What needs to be done → Your answer should consist only of the lines from the line containing "9th word 8th" through the last line below, each repeated exactly.
■ ■ ■ ■ ■ ■ ■
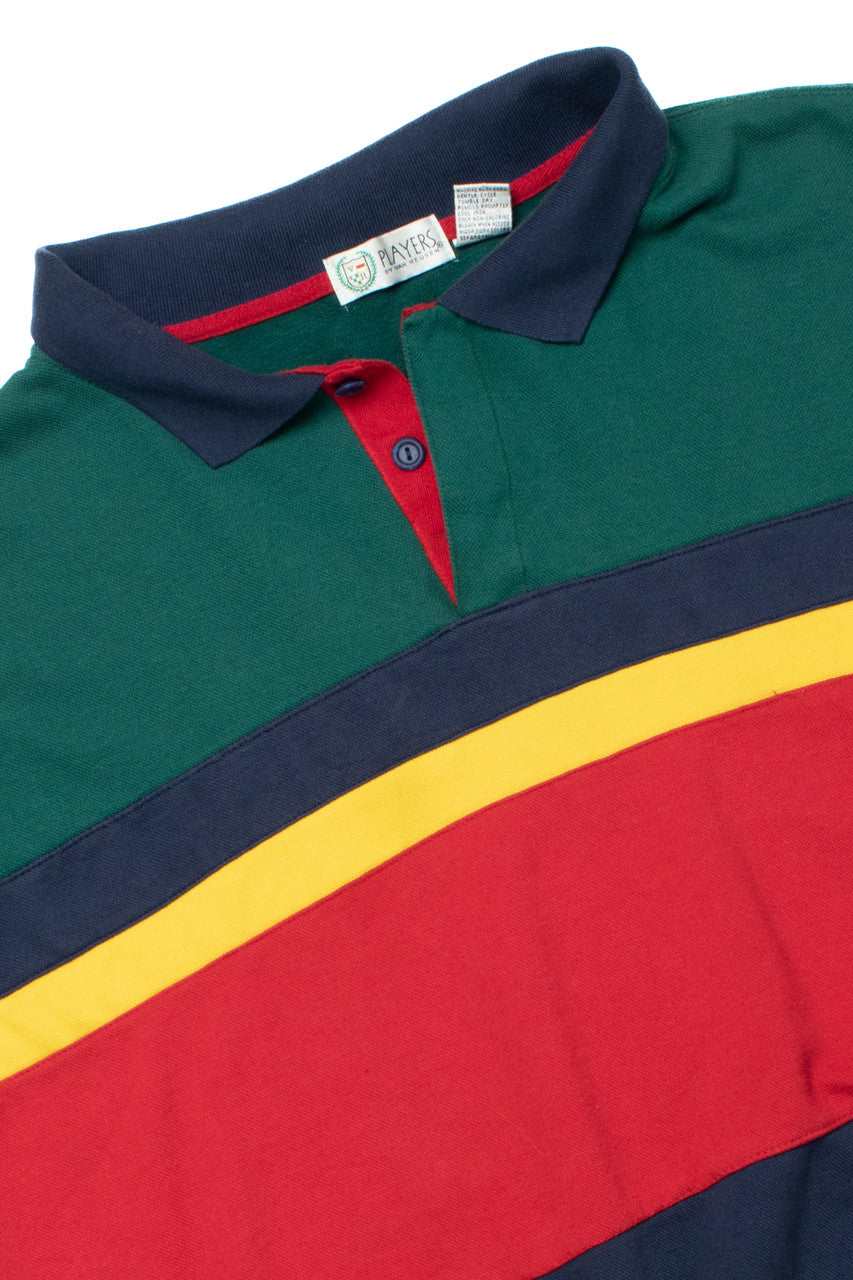 Vintage Bold Stripe Polo Sweatshirt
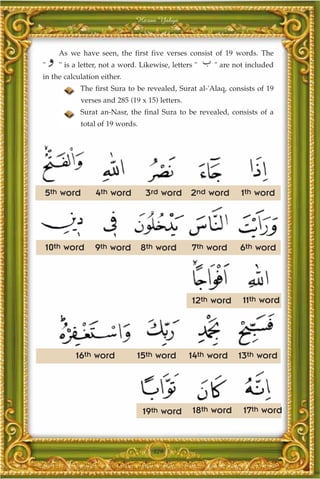 Harun Yahya



     As we have seen, the first five verses consist of 19 words. The
"    " is a letter, not a word. Likewise, letters "   " are not included
in the calculation either.
            The first Sura to be revealed, Surat al-'Alaq, consists of 19
            verses and 285 (19 x 15) letters.
            Surat an-Nasr, the final Sura to be revealed, consists of a
            total of 19 words.




5th word         4th word        3rd word 2nd word            1th word




10th word        9th word 8th word               7th word     6th word




                                                 12th word     11th word




          16th word           15th word         14th word    13th word




                                 19th word       18th word     17th word



                                    329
■ ■ ■ ■ ■ ■ ■
Response to the task →
10th word        9th word 8th word               7th word     6th word




                                                 12th word     11th word




          16th word           15th word         14th word    13th word




                                 19th word       18th word     17th word



                                    329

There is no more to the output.